- Work task -
What is needed is an exact copy of the lines in the listing below, from the one with "Sixth view of" up to and including the one with "Crossbody Bag for", with no other lines.

- Records for the task -

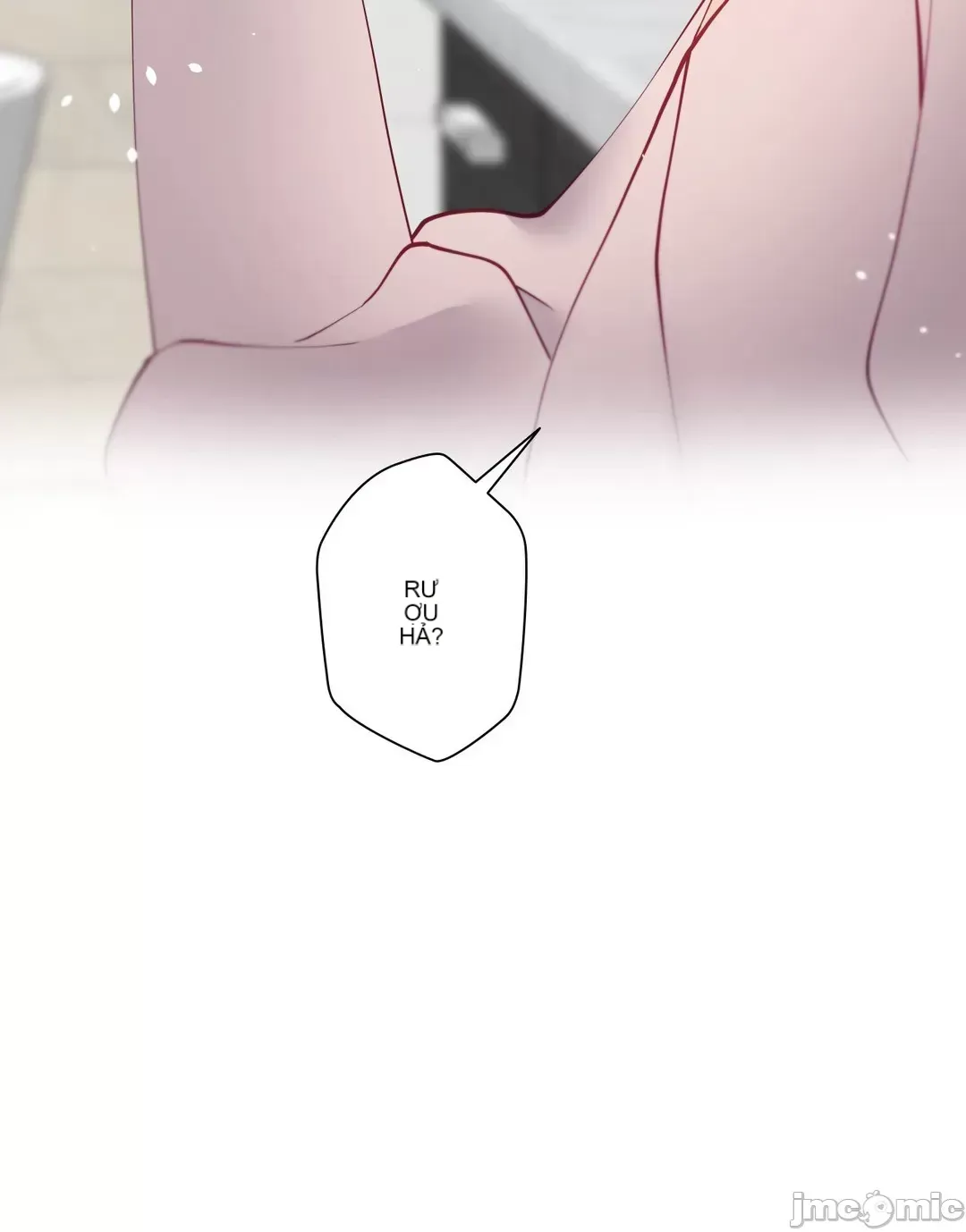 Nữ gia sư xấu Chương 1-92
...
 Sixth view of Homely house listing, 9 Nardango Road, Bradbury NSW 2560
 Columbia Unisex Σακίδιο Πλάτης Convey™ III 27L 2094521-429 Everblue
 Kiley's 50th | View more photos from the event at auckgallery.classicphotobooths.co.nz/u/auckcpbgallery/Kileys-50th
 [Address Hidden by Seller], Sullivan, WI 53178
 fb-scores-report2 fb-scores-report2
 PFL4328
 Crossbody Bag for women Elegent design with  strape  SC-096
---
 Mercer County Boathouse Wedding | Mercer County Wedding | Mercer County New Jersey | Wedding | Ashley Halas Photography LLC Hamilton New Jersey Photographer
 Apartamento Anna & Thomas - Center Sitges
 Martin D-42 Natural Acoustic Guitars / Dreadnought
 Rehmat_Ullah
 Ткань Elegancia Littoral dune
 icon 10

- Answer to this exercise -
 Sixth view of Homely house listing, 9 Nardango Road, Bradbury NSW 2560
 Columbia Unisex Σακίδιο Πλάτης Convey™ III 27L 2094521-429 Everblue
 Kiley's 50th | View more photos from the event at auckgallery.classicphotobooths.co.nz/u/auckcpbgallery/Kileys-50th
 [Address Hidden by Seller], Sullivan, WI 53178
 fb-scores-report2 fb-scores-report2
 PFL4328
 Crossbody Bag for women Elegent design with  strape  SC-096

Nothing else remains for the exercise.